Highest point
- Elevation: 5,988 ft (1,825 m)
- Prominence: 248 ft (76 m)
- Isolation: 1.19 mi (1.92 km)
- Coordinates: 35°38′3″N 83°24′50″W﻿ / ﻿35.63417°N 83.41389°W

Geography
- Location: Sevier County, Tennessee, United States
- Parent range: Great Smoky Mountains

Climbing
- Easiest route: The Boulevard Trail

= Anakeesta Knob =

Mountain in Tennessee, United States

Anakeesta Knob is a mountain in the Great Smoky Mountains National Park in Tennessee.

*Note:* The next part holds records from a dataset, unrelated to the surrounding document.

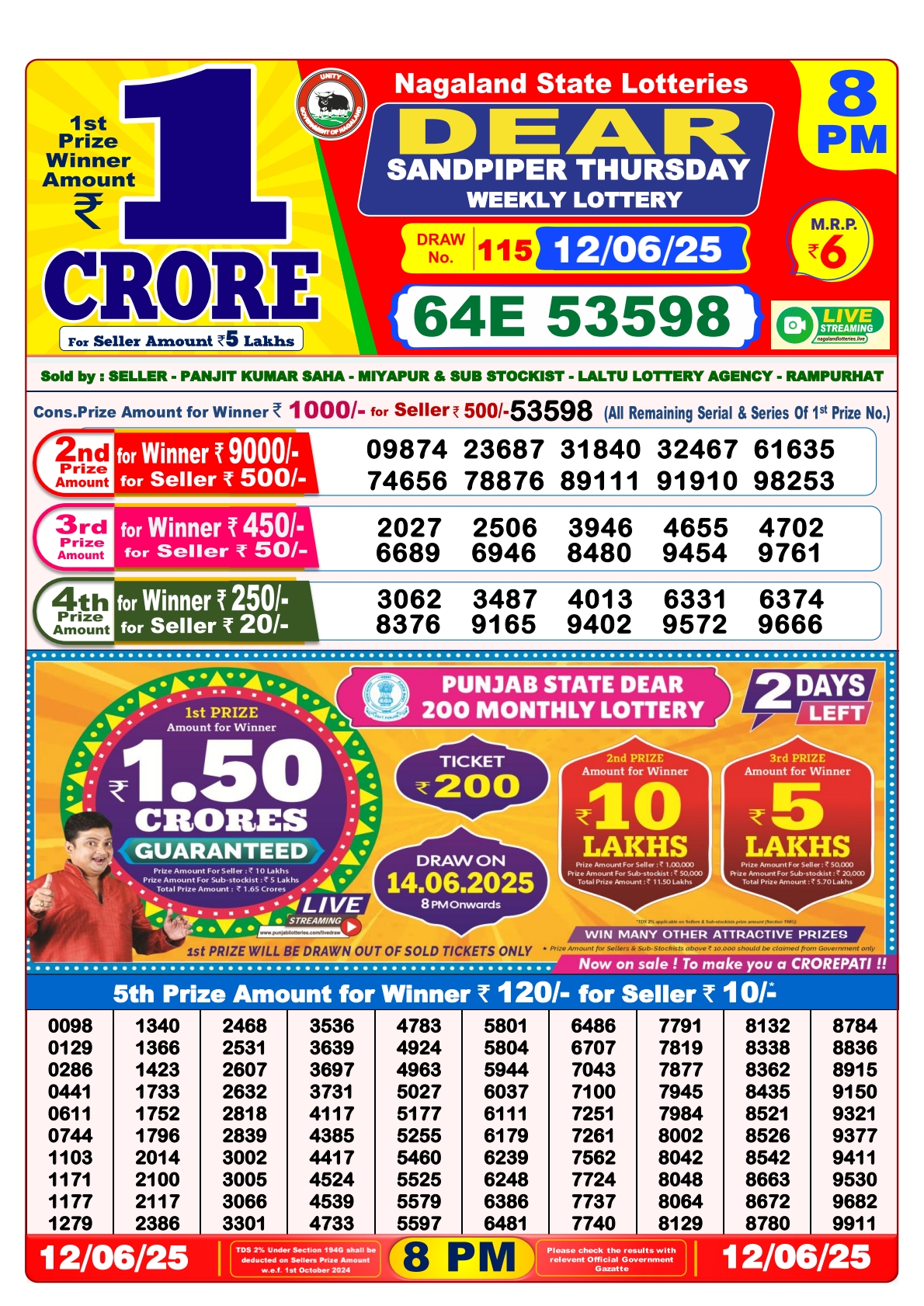 Lottery Sambad 12/06/25 8PM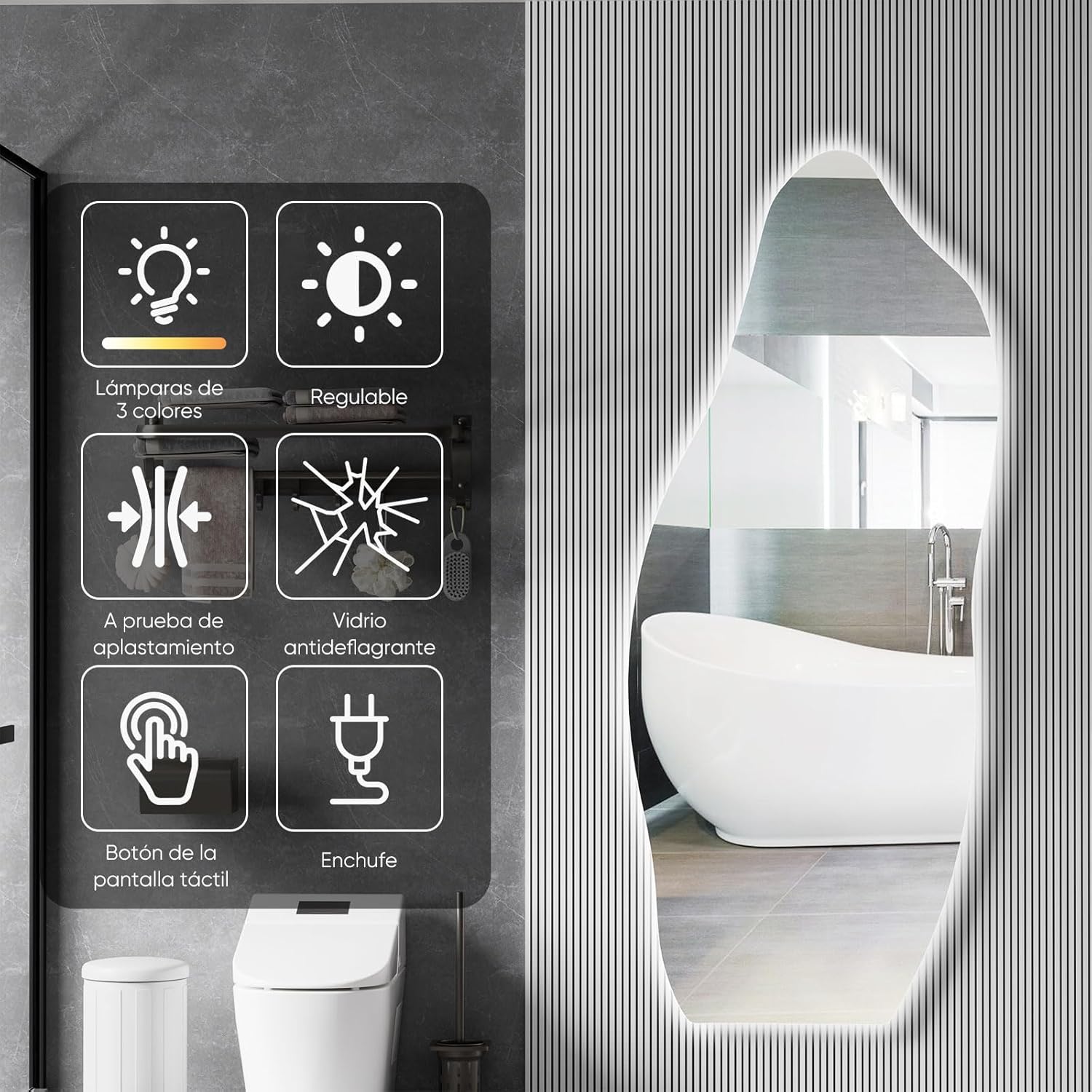 Espejo de Cuerpo Completo con Luz Led, 48*20 Pulgadas Espejo de Piso Led Irregular, Espejos De Cuerpo Entero con regulable, 3 Colores, A prueba de explosiones, para Sala, Dormitorio, Entrada, Probador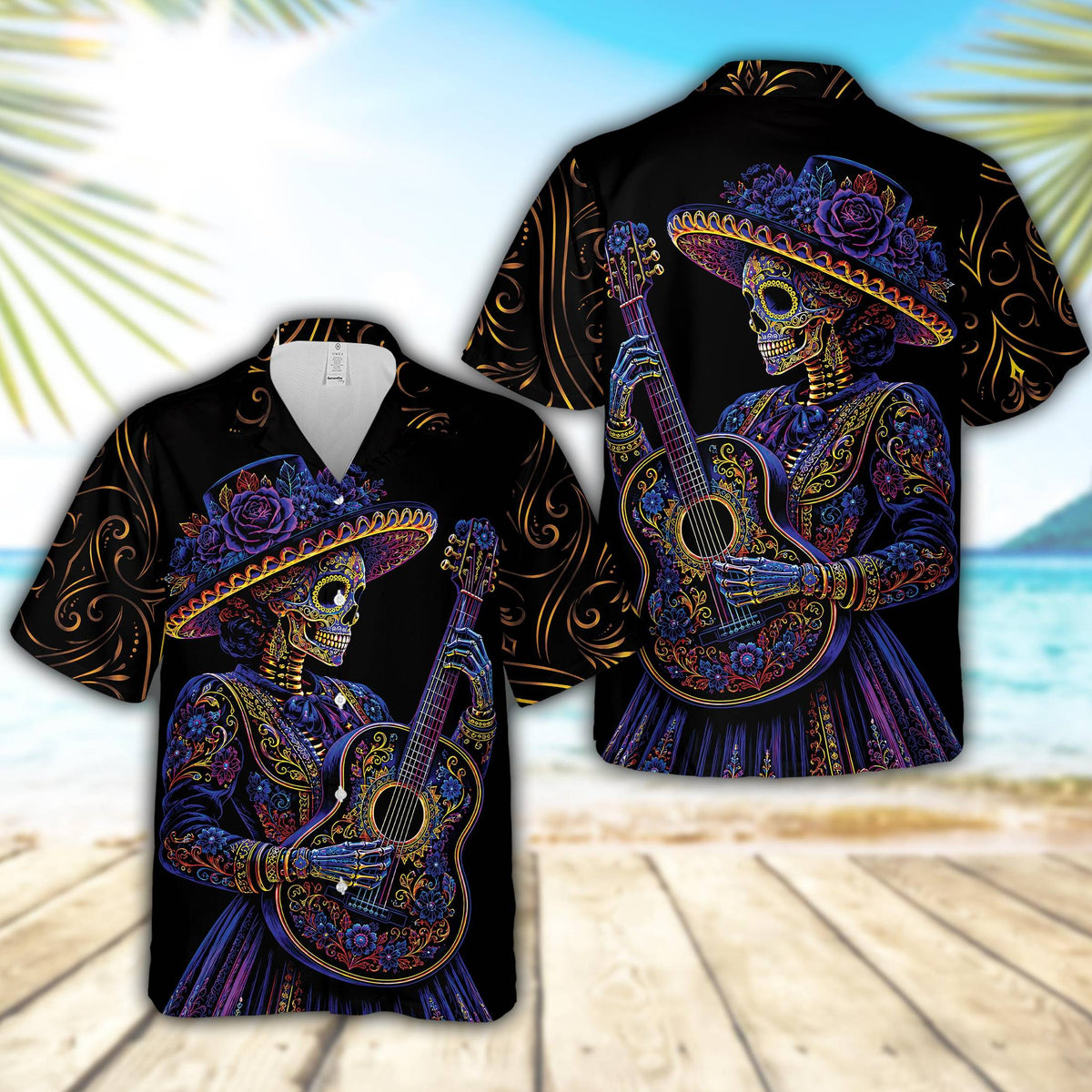 Black day hawaiian shirt with Day of the Dead skeleton guitarist design, main view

It has an elevation of 5,988 ft, and is accessible via The Boulevard Trail.

==Description==
Anakeesta Knob is located in the central Great Smoky Mountains in Sevier County, Tennessee. It is situated between Mount LeConte to the northwest, and Mount Kephart and Charlies Bunion to the east. At an elevation of 5,988 ft, Anakeesta Knob is the tallest mountain in Tennessee with an elevation less than 6,000 ft. The mountain is largely forested, and contains exposed rock outcroppings on its summit. Anakeesta Knob is accessible via The Boulevard Trail, which runs between Mount Le Conte and the Appalachian Trail at Mount Kephart. The name "Anakeesta" means "the place of high ground" or "the place of the Balsams" in the Cherokee language.